All day Christmas Eve mom would make baccala, and every Christmas morning baccala was breakfast. Some people don’t get it. Some people don’t like it. I grew up with it. For every other thing that’s changed, baccala was always there. When my parents got divorced and dad wasn’t there to read scripture, baccala was there. When I moved out and wasn’t there for Christmas morning or an ornament on the tree, mom always made sure there was baccala for everyone in the family.
And now mom isn’t there anymore. Not to make Christmas dinner and not to put up a tree, and not to see her family’s joy on Christmas morning, and not to make sure everyone gets their baccala.

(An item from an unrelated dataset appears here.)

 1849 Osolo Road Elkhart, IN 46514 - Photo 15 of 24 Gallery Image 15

After I moved out, after my mom got sicker than I’d seen her, before it was too late, I made my mother teach me how to make baccala. It isn’t actually difficult to do, once you get the hang of it, but it took me three or four attempts before I got it right. There’s a recipe, but it isn’t really a recipe that you can follow and get it right. Too much of it is by feel, by sense memory, to taste. The first time I asked her for the recipe, a couple of years ago, she wrote it down for me as she made it right in front of me. I tried following what was written down and came up with something almost, but not quite, entirely unlike baccala. So, with some help from Zoe and my mother we worked out what was wrong the first time, and tried again, and were still wrong. Eventually, as I said, we managed to get it right, so that when family got together after my mother’s death, we were able to make baccala properly.
So, this Christmas I’m unemployed, I’m not sure where I’m going to find money to pay my bills after another couple of weeks, and I may have bought all the Christmas presents I can afford in one $6 gift yesterday, but I just tracked down a real Italian deli and bought two and a half pounds of the magical ingredient at the center of baccala. No matter what else happens, whether I get a tree up or presents or anything else, there must be baccala for Christmas. Two and a half pounds may be overkill, but if I can’t offer my family anything else, I can offer them baccala.

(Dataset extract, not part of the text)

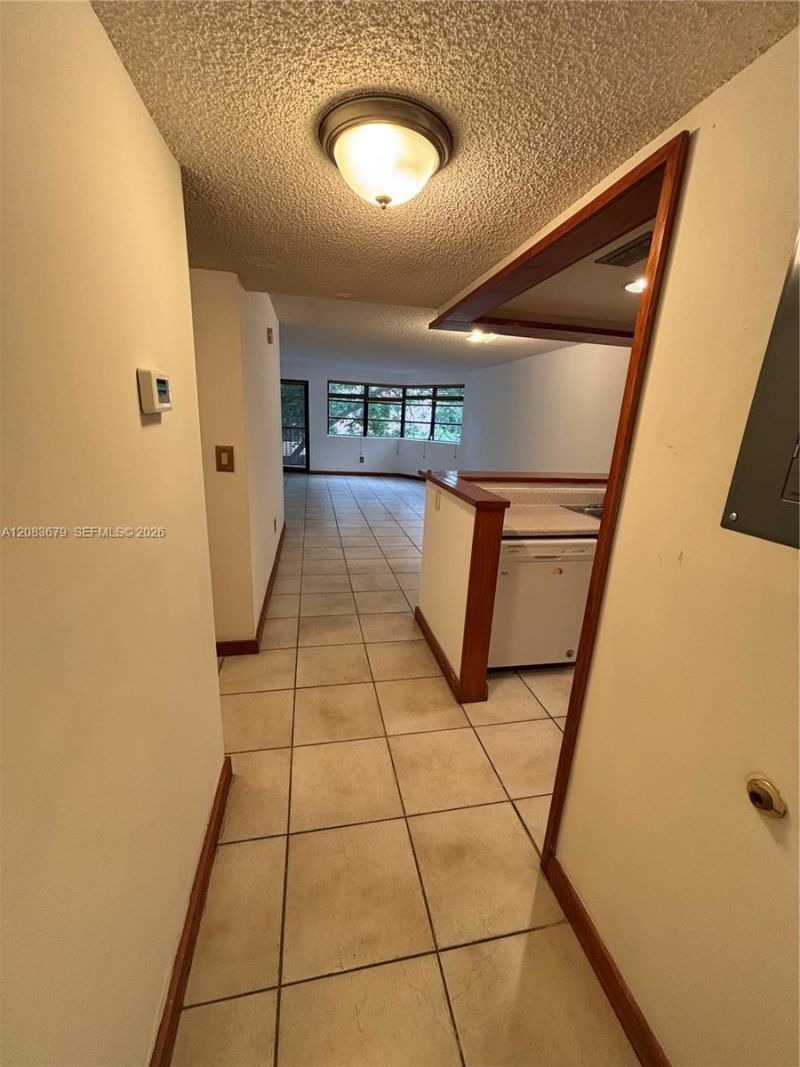 20860 San Simeon Way, Unit 303-6, Miami, FL 33179 Photo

My older sister is married, has two kids, and this year is housing my younger brother as well. She’s got her own family, and in light of changing times is trying to make her own traditions. Which is a good thing. But they’re not my traditions. I don’t want her new traditions. I don’t even mind losing most of mine too much, though I did buy myself a new Christmas ornament this year. It isn’t just because it’s different, it’s because her family isn’t my family. She’s part of my family, but her family is not my family, and the traditions she is inventing for her family are not for me.
So, I’m going to spend Christmas Eve and/or Christmas Day making baccala, and Christmas afternoon I’ll be seeing my sister’s family and the rest of my family for a little while and I’ll be sure they get their baccala for Christmas.